Удивительно устроен человек! И беда ли его или лучшее благо, что всегда он соизмеряет свою жизнь с жизнью других, подобных себе? И жизнь колхозников волновала Максима. Высказанная Мироном мысль, что к зиме они разойдутся «всяк по своим», не вызвала в нем того ликования, какое он заметил в глазах Мирона.
«Так как же… Что тогда?..»
Приближение уборочной — страды — волновало всех.
Степан с подручным — Трымкой Цапулиным — не выходили из кузницы. Привели в боевую готовность все машины, нашли вкладыши для жатки-самосброски, перебрали, проверили каждый зуб в барабане молотилки. Тревожило: про обещанные сложную молотилку и еще одну самосброску больше в МТС не заикались.
— Ну что ж. Сразу на всех не напасешься, — говорил Антипа. — Всем миром возьмемся, управимся и так.

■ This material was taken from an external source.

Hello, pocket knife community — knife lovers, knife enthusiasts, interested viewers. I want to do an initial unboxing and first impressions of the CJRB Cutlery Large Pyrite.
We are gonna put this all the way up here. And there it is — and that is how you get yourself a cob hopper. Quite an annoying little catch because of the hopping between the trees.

И вот, когда даже у него — человека, который свято верил в эмтээсовскую помощь, — не оставалось никаких надежд, раздался звонок из МТС.
— Шлите человека на инструктивный семинар. Даем жатку-самосброс.

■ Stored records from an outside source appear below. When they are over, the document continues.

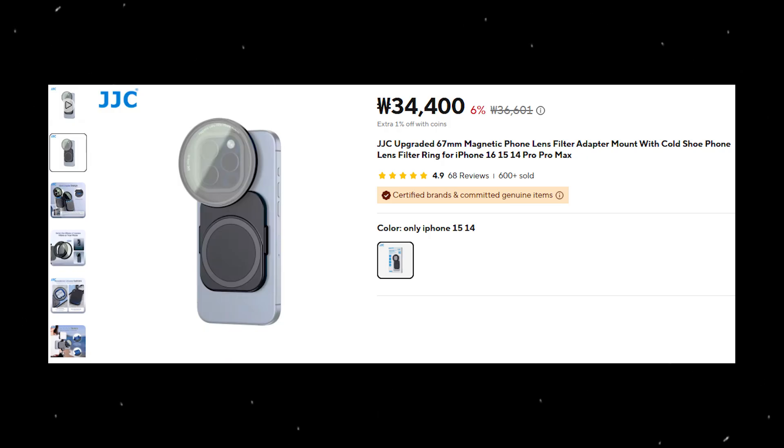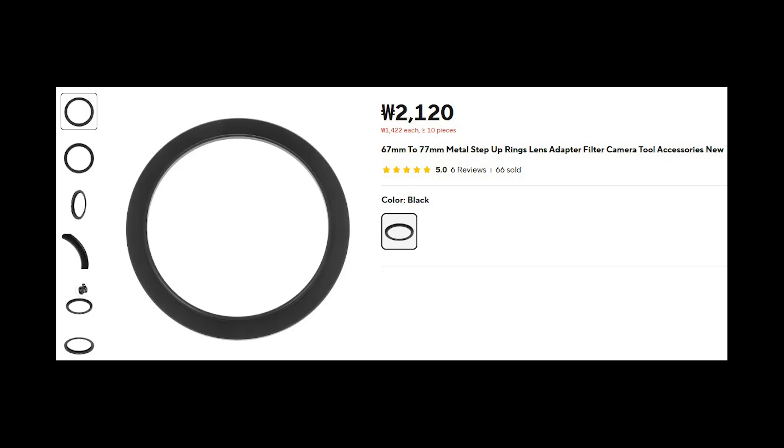I also experimented with the JJC magnetic clip-on filter adapter. The problem is there is a lot of light leaking — it would be great for an ND filter, but not for infrared photography on the phone. So the equipment I used: the iPhone, the Hoya R72 filter, and the Moment filter adapter. The filter adapter for Moment cases is 67 millimeters, and the Hoya R72 I have is 77mm. Rather than buy a new filter, I bought a step-up ring from AliExpress for three dollars that steps up from 67mm to 77mm — I just screw it on and that's my setup.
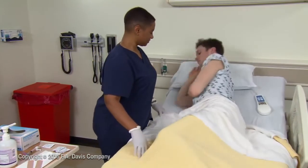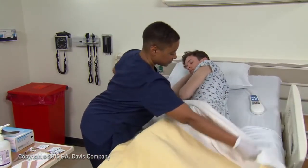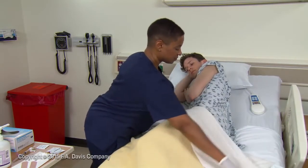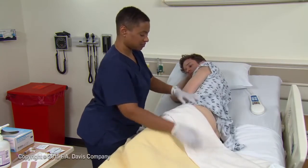Position the patient so that the injection site is well exposed and the patient is able to relax the appropriate muscles. For the ventrogluteal site, position the patient on his side with upper hip and knee slightly flexed. Be sure the lighting is adequate.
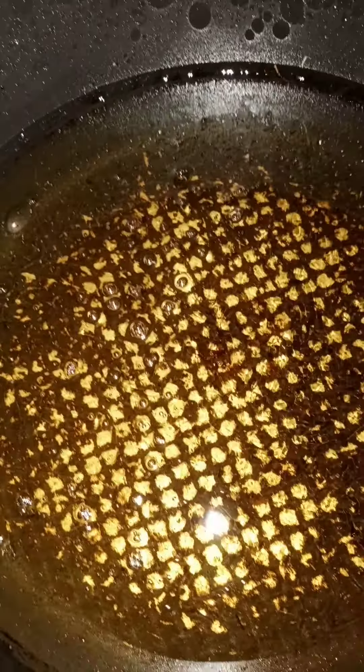He's getting ready to fry it up. I kind of messed up the video there for a second, but anyway — I'll let y'all see when it gets fried.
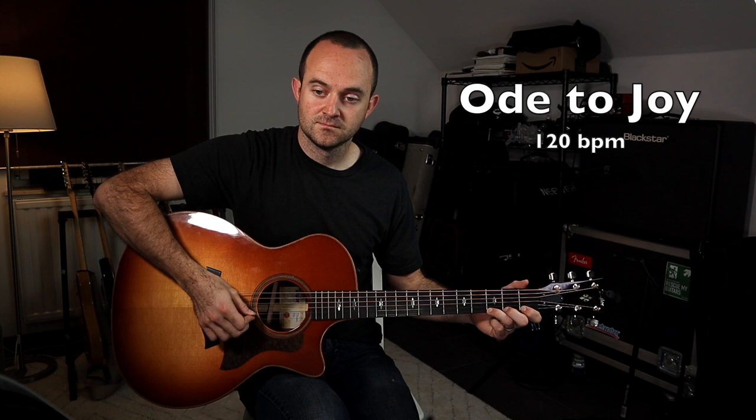Let's jump this tempo up to 120 and see what it sounds like at a faster tempo. Here's the melody. And there it is at 120. Let's hear it with the chords — feel free to play along. Here are the chords with the melody.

Батов тут же решил собрать членов правления. Но пока сторожиха бегала за ними, набилась полная контора. Таким образом, вопрос, кого послать на семинар, обсуждался всем колхозом. Кандидатов было названо много. Кто-то из комсомольцев — серьезно или шутя — выкрикнул:
— Трымку Цапулю.
Никто всерьез этого не принял. Тут назывались имена людей постарше. Но когда начинали обсуждать, оказывалось, что тот к машине «не свышен», а тот, как, например, Калюжонок, и «свышен», да на другой работе незаменим: плотник — ферму строит. Говорили много, наперебой. Молчал один Степан. Он думал: «А ведь и правда — Трымко толковый парень. В кузнице на работе он себя показал. Смекалистый. Что, если поддержать?» Наконец решился.
— Трофима тут кто-то из ребят назвал. Я так думаю: можно бы его…
Многие не поняли.
— Кого, кого?
— Какого Трофима?
— Василья Афанасьевича парня.
— А-а… Трымку. Нет!
— Не пойдет!
— Молод еще, куда ему…
— С таким наробим. Себе на хребет. На меже будем стоять.

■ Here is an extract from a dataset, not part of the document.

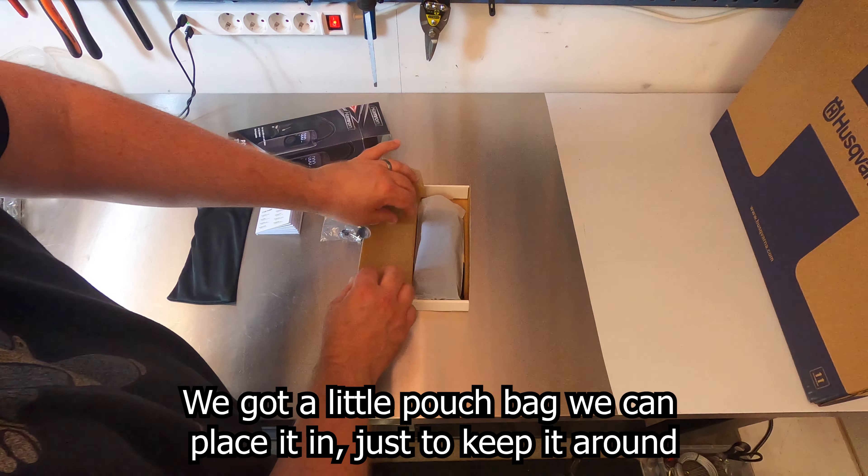Let's see how it looks inside. First we got the instruction manual, then the little bag with the three nozzle adapters. We got a little pouch bag to keep it in. And here we got the nozzle — quite a small one, I have to say, but it works.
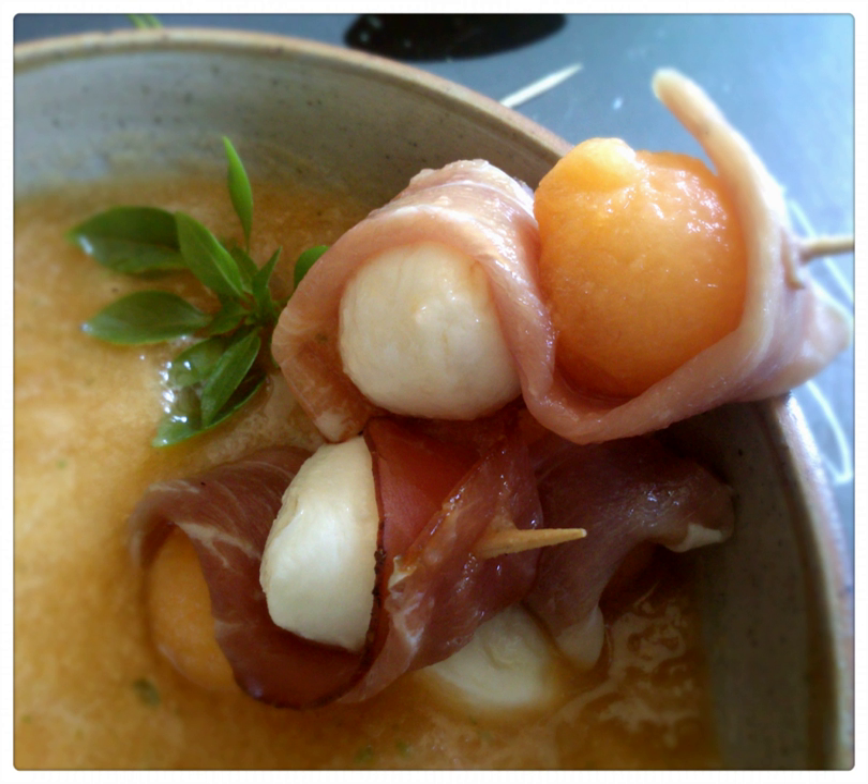Watermelon soup is prepared with watermelon as a primary ingredient, and may be served chilled. The seeds of the watermelon may be removed, or seedless watermelon may be used, and additional ingredients can include additional fruits, ginger, chili pepper and sugar.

— Чего и говорить. Пожилого надо и такого, с кого спросить можно, ежали поломка.
— Правильно. Не то — молод, беднота…
Василий Цапуля, сидевший тут же за столом, рванулся с места и жалостливо заморгал, заглядывая в глаза Андрею Петровичу. Сам Трымко сидел красный от смущения и за себя и за отца. Батов, будто не замечая ничего этого, встал, одернул гимнастерку.
— А, по-моему, правильное предложение Степана Матвеевича. Уж кто-кто, а он знает Трофима. Да и я вижу: парень не верхогляд. — Батов повернулся к Нине Грачевой: — Комсомолец?
— Заявление подал.
— Вот и хорошо. Значит, первое комсомольское поручение будет. Ставлю вопрос на голосование. Голосуют члены правления.
Все члены правления проголосовали за Трофима Цапулю. Задержался немного Антипа, но и он поднял руку с нераспрямляющимися тупыми пальцами.
Колхозники расходились, оживленно переговариваясь.
— А не промахнулись мы, Андрей Петрович, касательно Трымки? — спрашивал Антипа у Батова, идя вместе с ним в Забегаловский край. — В народе-то говорят: яблоко от яблоньки недалеко падает.
— Нет. Думаю, что не промахнулись, Антипа Иванович, — возражал на это Батов. — Я вот на днях в журнале читал. Есть такой садовод, фамилия его Мичурин, так вот этот садовод от никудышной яблони яблоки вырастил. Да во какие! — Он приложил один кулак к другому, хотя ни он сам, ни Антипа не могли этого увидеть в кромешной темноте ночи. — Безусловно, как походить за ней…
У Батова было хорошее настроение. Несмотря на некоторые неполадки и с подготовкой к уборочной и со строительством фермы; несмотря на бессонные ночи, затрачиваемые на какие-то, может быть, и не очень нужные собрания со спорами, ссорами, уговорами; несмотря на обилие уполномоченных, сменяющих один другого и больше мешающих в работе, так как каждый из них по-своему понимал свои обязанности, — несмотря на все это, Батов не переставал ощущать в себе то постоянное чувство собранности, которое возникало в нем перед большой и трудной работой. Он ясно понимал теперь, что от того, как будет организована уборочная, от того, сколько будет собрано хлеба, будет зависеть не только успех дела, ради которого он ехал в деревню, но и судьба людей, не людей вообще, а окружавших его, близких ему, которых можно и пожурить и подбодрить.